建設業法上の営業所とは

建設業許可には「大臣許可」「都道府県知事許可」という2つの区分があります

「大臣許可」と「知事許可」は、1つの都道府県内にのみ営業所があるのか、2つ以上の都道府県に営業所があるのか、という営業所の所在地によって区分されます。

そこで、どちらの区分の建設業許可を取得するのかを判断する前提として、そもそも建設業許可における「営業所」とはどのようなものであるのか、理解する必要があります。

こちらのページでは、建設業法上の「営業所」について詳しくみていきます。

建設業法上の「営業所」の定義

建設業法上の「営業所」とは、「本店、支店など建設工事の請負契約を常時締結する事務所」のことをいいます。

「建設工事の請負契約を常時締結する」とは、「請負契約の見積り、入札、契約締結の手続きなど契約締結にかかる実体的な行為を常時おこなうこと」をいいます。

このような営業所の定義から、建設業法上の「営業所」に該当するためには、少なくとも次の条件をみたしている必要があります。

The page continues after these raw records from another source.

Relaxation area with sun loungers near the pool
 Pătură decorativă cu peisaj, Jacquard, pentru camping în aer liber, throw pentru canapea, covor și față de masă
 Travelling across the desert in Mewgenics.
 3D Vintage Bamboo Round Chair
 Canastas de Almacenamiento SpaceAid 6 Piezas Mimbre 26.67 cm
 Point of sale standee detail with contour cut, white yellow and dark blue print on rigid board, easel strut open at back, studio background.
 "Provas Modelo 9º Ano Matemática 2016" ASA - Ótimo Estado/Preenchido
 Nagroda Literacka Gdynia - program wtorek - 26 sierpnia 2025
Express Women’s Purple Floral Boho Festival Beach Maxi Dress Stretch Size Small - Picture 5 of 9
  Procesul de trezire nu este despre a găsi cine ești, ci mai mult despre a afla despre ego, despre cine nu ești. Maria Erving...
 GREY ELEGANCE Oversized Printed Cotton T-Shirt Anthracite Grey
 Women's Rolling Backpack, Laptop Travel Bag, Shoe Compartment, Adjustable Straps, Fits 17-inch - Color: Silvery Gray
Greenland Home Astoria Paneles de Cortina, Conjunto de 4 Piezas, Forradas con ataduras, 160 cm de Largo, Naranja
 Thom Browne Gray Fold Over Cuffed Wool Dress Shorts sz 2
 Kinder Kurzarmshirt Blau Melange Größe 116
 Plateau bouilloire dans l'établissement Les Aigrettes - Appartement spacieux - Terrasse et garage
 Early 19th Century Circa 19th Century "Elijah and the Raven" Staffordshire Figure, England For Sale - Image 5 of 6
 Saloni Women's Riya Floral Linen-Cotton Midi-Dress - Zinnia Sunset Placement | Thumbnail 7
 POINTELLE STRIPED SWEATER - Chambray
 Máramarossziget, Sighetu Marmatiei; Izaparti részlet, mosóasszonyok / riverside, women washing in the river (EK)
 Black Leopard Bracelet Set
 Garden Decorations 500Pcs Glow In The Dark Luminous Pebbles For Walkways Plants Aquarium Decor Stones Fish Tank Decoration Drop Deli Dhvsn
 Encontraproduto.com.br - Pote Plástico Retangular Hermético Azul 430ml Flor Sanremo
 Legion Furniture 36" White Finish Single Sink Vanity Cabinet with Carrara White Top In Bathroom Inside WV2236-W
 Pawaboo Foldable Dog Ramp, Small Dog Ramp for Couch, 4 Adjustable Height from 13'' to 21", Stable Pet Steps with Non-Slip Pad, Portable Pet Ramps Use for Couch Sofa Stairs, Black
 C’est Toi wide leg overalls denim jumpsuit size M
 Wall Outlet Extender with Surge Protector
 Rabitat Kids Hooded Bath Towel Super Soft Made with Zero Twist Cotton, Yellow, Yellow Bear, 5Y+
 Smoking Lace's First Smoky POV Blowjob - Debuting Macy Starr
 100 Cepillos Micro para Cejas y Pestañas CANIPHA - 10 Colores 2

  • 請負契約の見積り、入札、契約締結などの実態的な業務をおこなっていること
  • 上記に関する権限を付与された担当者が常時、勤務していること
  • 電話、机、事務台帳などを備えた事務室が設けられていること
  • 専任技術者が常勤していること
  • 代表者の自宅を営業所として兼用している場合には、事務室部分と居住スペースが明確に分かれていること

複数の営業所があるときは、建設業を営む営業所を統括して指揮監督する権限を有する営業所を「主たる営業所」、その他の営業所を「従たる営業所」といいます。

建設業許可申請における営業所の注意点

建設業法上の「営業所」については、次の点に注意してください。

  • 請負契約を常時締結する事務所ではなくても、他の事務所に対して請負契約に関する指揮監督をおこなっているなど建設業に関する営業に実質的に関与していれば、建設業法上の「営業所」にあたります。
  • 契約書上の名義が本社や本店の社長・部長などの名義であっても、実質的に契約締結がおこなわれている事務所であれば、建設業法上の「営業所」にあたります。
  • 公共工事においては発注者の管轄区域内に営業所を設けていることが公共工事の入札参加資格となっていることが多くあります。公共工事への入札を検討している建設業者様は、営業所の所在地が重要となってきます。

建設業法上の「営業所」に生じる義務

建設業法上の「営業所」に該当すると、次のような義務が生じます。

  • 営業所ごとに許可を受けた業種に対応する専任技術者を配置する必要がある。
  • 営業所の代表者は、建設業法施行令第3条に規定する使用人(いわゆる令3条の使用人)として、契約締結などの権限を委任されていること、常勤であることが必要です。
  • 営業所には、帳簿の備え付けと保管の義務があります。
  • 営業所の事務所には、建設業許可の許可標識を掲示する義務があります。

建設業法上の「営業所」に当たらないケース

次のような施設や事務所は、建設業法上の「営業所」に該当しません。

  • 単なる登記上の本店
  • 事務連絡所
  • 作業所
  • 資材置き場

このような施設や事務所には建設業法上の「営業所」としての義務が生じません。

設置にあたり届出をしたり、専任技術者を配置する必要はありません。